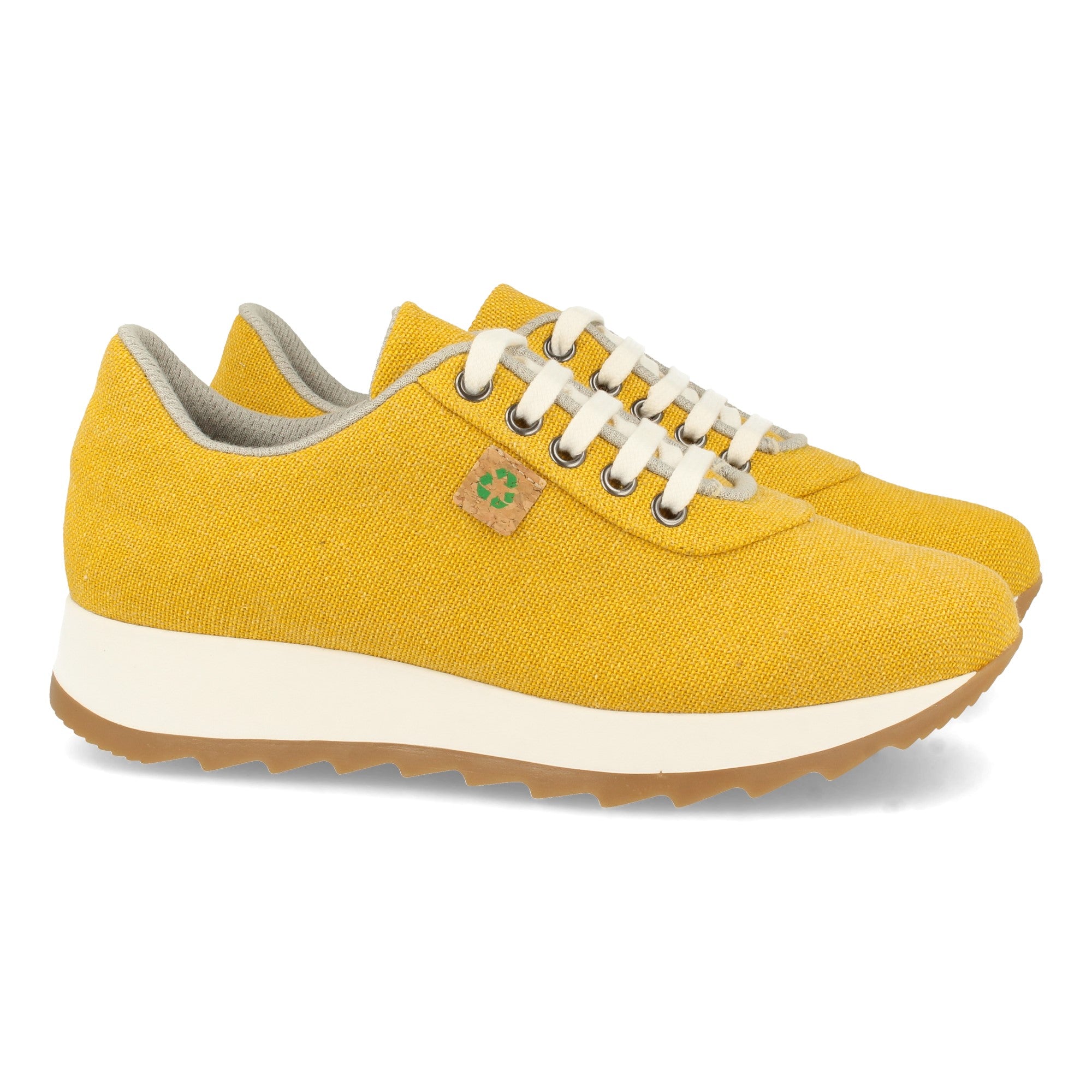Zapatillas ecológicas Amarillas  para Mujer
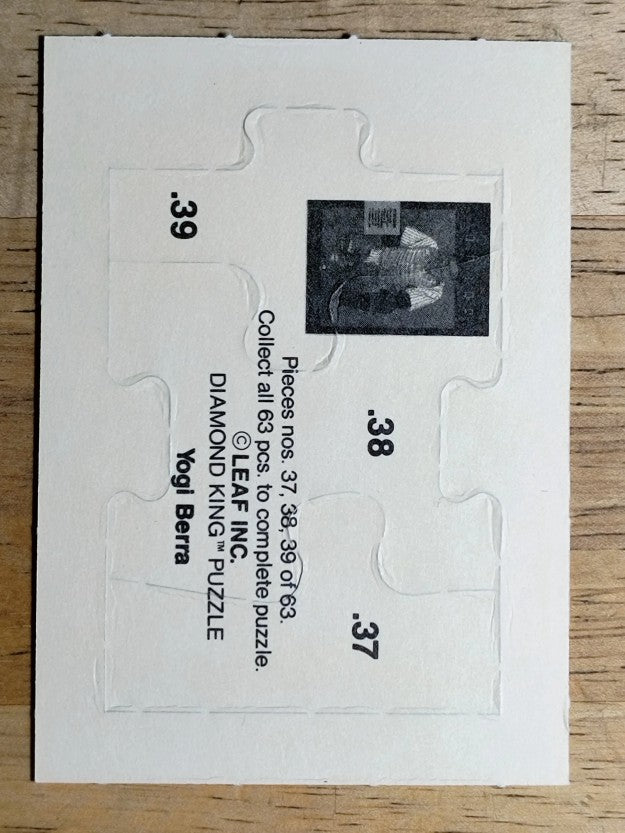 1990 Leaf Yogi Berra Puzzle #37 Berra Puzzle 37-39
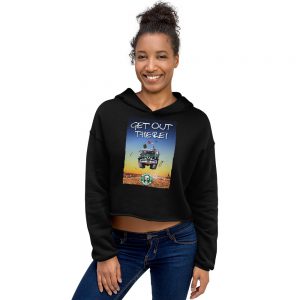 Women's Crop Hoodie - Roothy Lifestyle - Get Out There Design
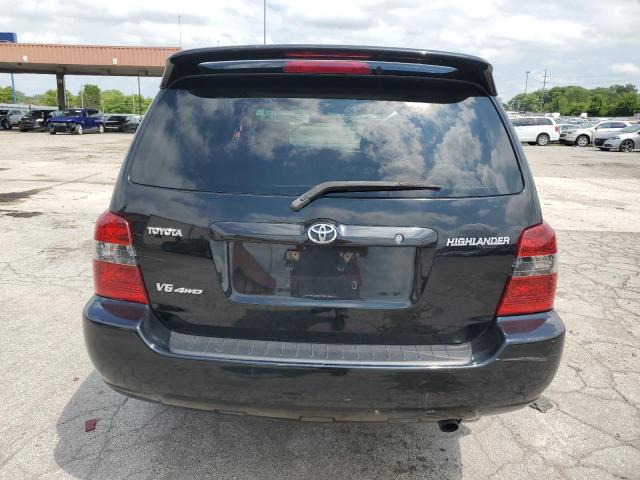 JTEEP21A870192309 - 2007 TOYOTA HIGHLANDER SPORT BLACK photo 6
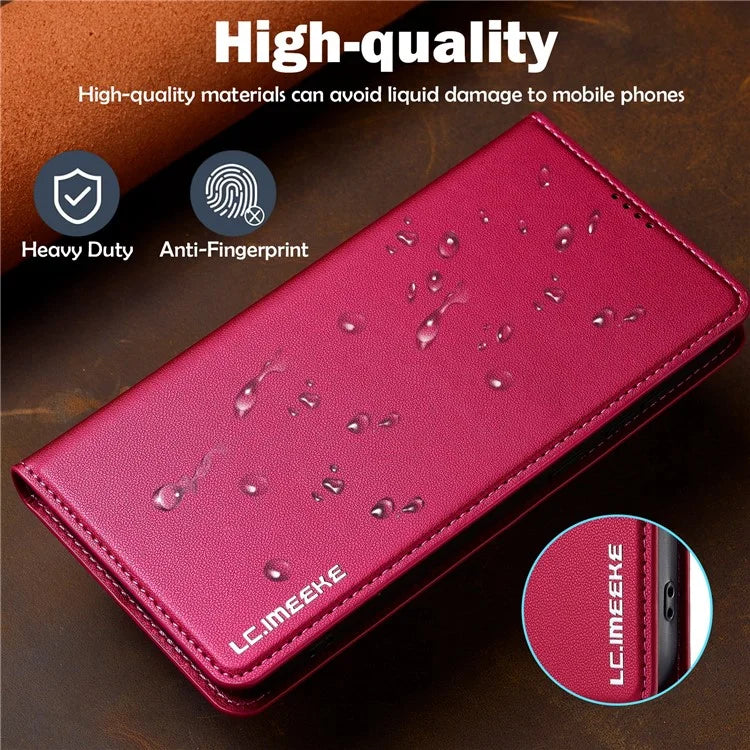 LC.IMEEKE L1 Series for Samsung Galaxy A54 5G Case PU Leather Wallet Stand Protective Phone Cover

• **PROBLEM DESCRIPTION**:
All entries above, minus the pictures, should be repeated exactly.

• **RESPONSE AREA**:
Zapatillas ecológicas Amarillas  para Mujer
 1990 Leaf Yogi Berra Puzzle #37 Berra Puzzle 37-39
 Women's Crop Hoodie - Roothy Lifestyle - Get Out There Design
 JTEEP21A870192309 - 2007 TOYOTA HIGHLANDER SPORT BLACK photo 6
 LC.IMEEKE L1 Series for Samsung Galaxy A54 5G Case PU Leather Wallet Stand Protective Phone Cover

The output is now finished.